Sometimes Teacher Isabella reprimanded the cats or issued orders. She would wave her finger at one or another of them and threaten to tweak its ears or pull its tail out if it did not improve its behavior instantly. The cats, for their part, always obeyed her promptly, unconditionally,
and without a murmur. "Zerubbabel, you should be ashamed of yourself!" she would suddenly shout. Immediately some poor wretch would detach himself from the huddled mass on the rug beside her desk and creep away in disgrace, his belly almost touching the floor, his tail between his legs and his ears pressed back, making his way to the corner of the room. All eyes—children's and cats' alike—were fixed on him, witnessing his disgrace. So the accused would crawl into the corner, miserable, humiliated, ashamed of himself, repenting his sins, and perhaps hoping humbly up to the last minute for some miraculous reprieve.
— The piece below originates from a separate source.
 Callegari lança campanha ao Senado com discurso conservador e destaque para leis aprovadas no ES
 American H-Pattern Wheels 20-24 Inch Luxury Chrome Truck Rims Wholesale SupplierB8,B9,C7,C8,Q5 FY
From the corner the poor thing sent us a heartrending look of guilt and supplication.

"You child of the muck heap!" Teacher Isabella snarled at him contemptuously, and then she would pardon him with a wave of her hand:

"All right. That's enough. You can come back now. But just remember that if I catch you once more—"
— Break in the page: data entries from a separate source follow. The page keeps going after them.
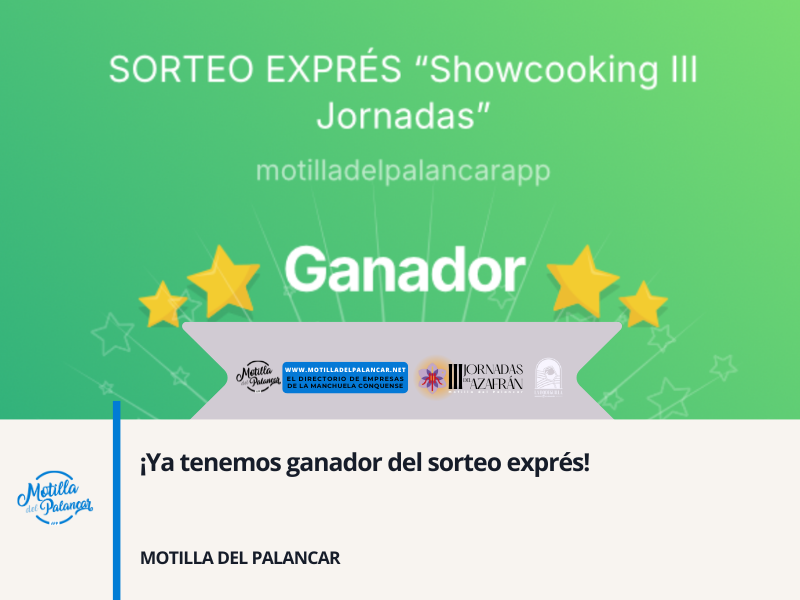 ¡Ya tenemos ganador del sorteo exprés! - imagen 1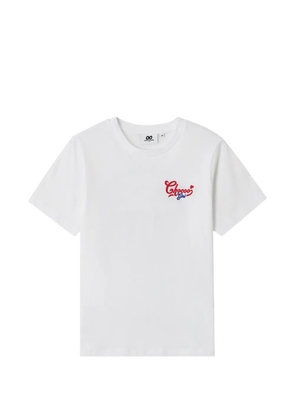 CHOCOOLATE short-sleeve logo-print T-shirt - White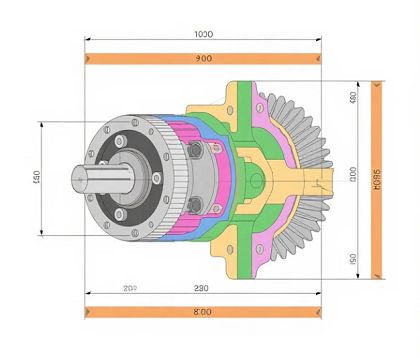 鑄鐵與鋁合金傘齒輪減速機(jī)，低速重載耐用性差異？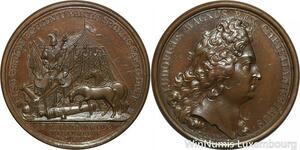 R9310 Rare Medal Germany Louis XIV Combat Pforzheim 1692 UNC -> Make offer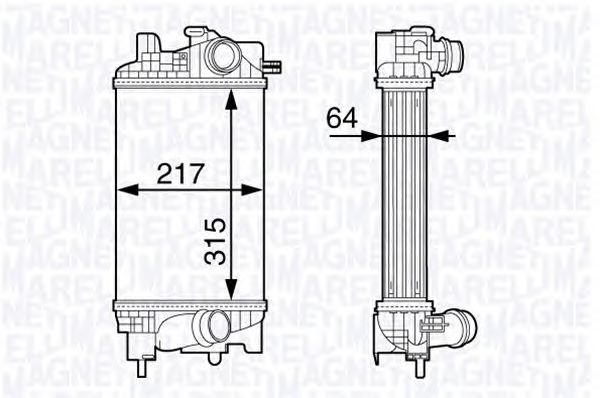 Intercooler, compresor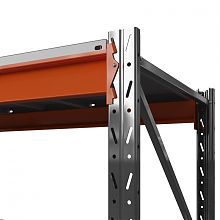 Стеллаж металлический Оптима, 3000x1530x785 мм. Ярусы: 5 шт. метал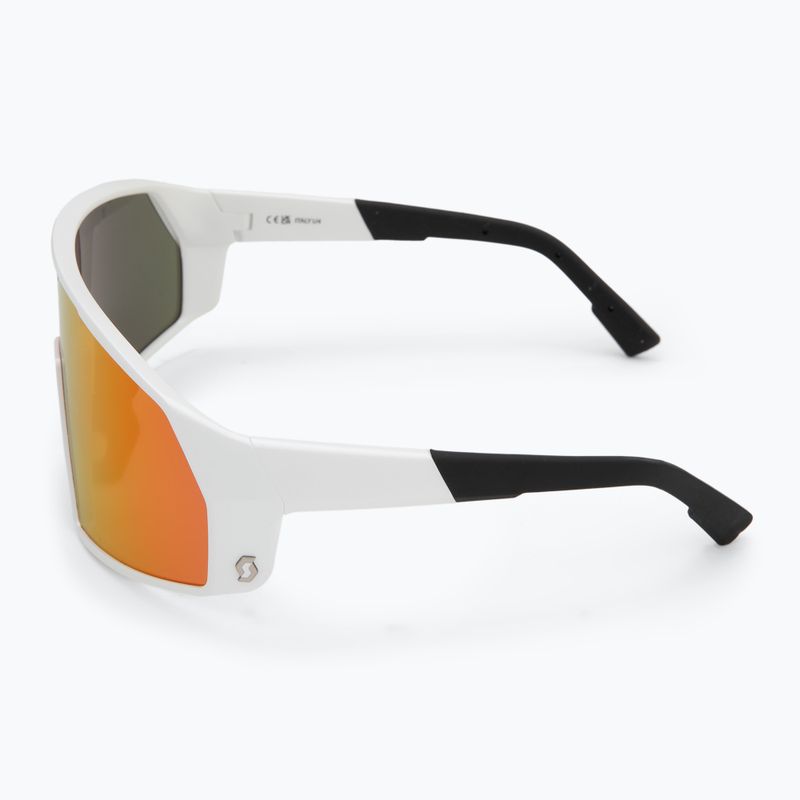 Sluneční brýle SCOTT Pro Shield bílý mat/červený chrom 4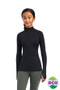Ariat Youth Lowell 2.0 Quarter Zip Long Sleeved Base Layer - Front - Black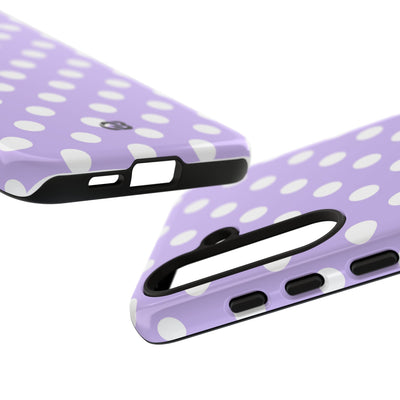 Lavender Polka Grid · Tough Θήκη για Samsung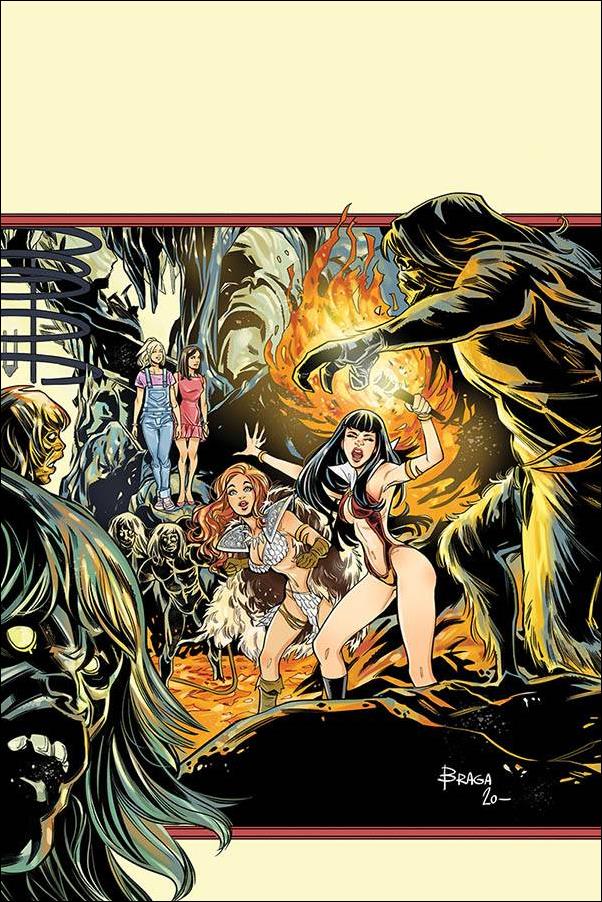 Red Sonja and Vampirella Meet Betty and Veronica issue 12-J Laura Braga 1:30 Virgin Cover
She had no need to finish her sentence, because the pardoned criminal was already dancing toward her like a suitor, determined to make her head spin with his charms, barely mastering his joy, tail erect, ears pricked forward, with a spring in the pads of his dainty paws, aware of the secret power of his charm and using it to heartbreaking effect, his whiskers gleaming, his coat shiny and bristling slightly, and with a flicker of sanctimonious feline slyness in his glowing eyes, as though he were winking at us while swearing that from now on there would be no more pious or upright cat than he.

Teacher Isabella's cats were schooled to lead productive lives, and indeed they were useful cats. She had trained them to bring her a pencil, some chalk, or a pair of socks from the closet, or to retrieve a stray teaspoon that was lurking under some piece of furniture; to stand at the window and give a wail of recognition if an acquaintance approached, but to issue a cry of alarm at the approach of a stranger. (Most of these wonders we did not witness with our own eyes, but we believed her. We would have believed her if she had told us that her cats could solve crossword puzzles.)
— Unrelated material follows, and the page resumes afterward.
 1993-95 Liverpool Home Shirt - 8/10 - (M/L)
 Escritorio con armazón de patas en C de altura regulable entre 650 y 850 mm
As for Mr. Nahlieli, Teacher Isabella's little husband, we hardly ever saw him. He had usually gone to work before we arrived, and if for any reason he was at home, he had to stay in the kitchen and do his duty there quietly during school hours. If it had not been for the fact that
both we and he occasionally had permission to go to the toilet, we would never have discovered that Mr. Nahlieli was actually only Getzel, the pale boy who took the money at the cooperative store. He was nearly twenty years younger than his wife, and if they had wanted to, they could have passed for mother and son.

Occasionally when he had to (or dared to) call out to her during a class, because he had either burned the beef patties or scalded himself, he did not call her Isabella but Mum, which is presumably what her herd of cats also called her. As for her, she called her youthful husband some name taken from the world of birds: Sparrow or Finchy or Thrush or Warbler. Anything except Wagtail, which was the literal meaning of the name Nahlieli.

There were two primary schools within half an hour's walk for a child from our home. One was too socialist, and the other was too religious. The Berl Katznelson House of Education for Workers' Children, at the north end of Haturim Street, flew the red flag of the working class on its roof side by side with the national flag. They celebrated May Day there with processions and ceremonies. The headmaster was called Comrade by teachers and pupils alike. In summer the teachers wore khaki shorts and biblical sandals. In the vegetable garden in the yard pupils were prepared for farming life and personal pioneering in the new villages. In the workshops they learned productive skills such as woodwork, metalwork, building, mending engines and locks, and something vague but fascinating called fine mechanics.

In class the pupils could sit anywhere they liked; boys and girls could even sit together. Most of them wore blue shirts fastened at the chest with the white or red laces of the two youth movements. The boys wore shorts with the legs rolled up as far as the crotch, while the girls' shorts, which were also shamelessly short, were secured to their thighs with elastic. The pupils called the teachers by their first names. They were taught arithmetic, homeland studies, Hebrew and history, but also subjects like the history of Jewish settlement in the Land, history of the workers' movement, principles of collective villages, or key phases in the evolution of the class war. And they sang all kinds of working class anthems, starting with the Internationale and ending with "We are all pioneers" and "The blue shirt is the finest jewel."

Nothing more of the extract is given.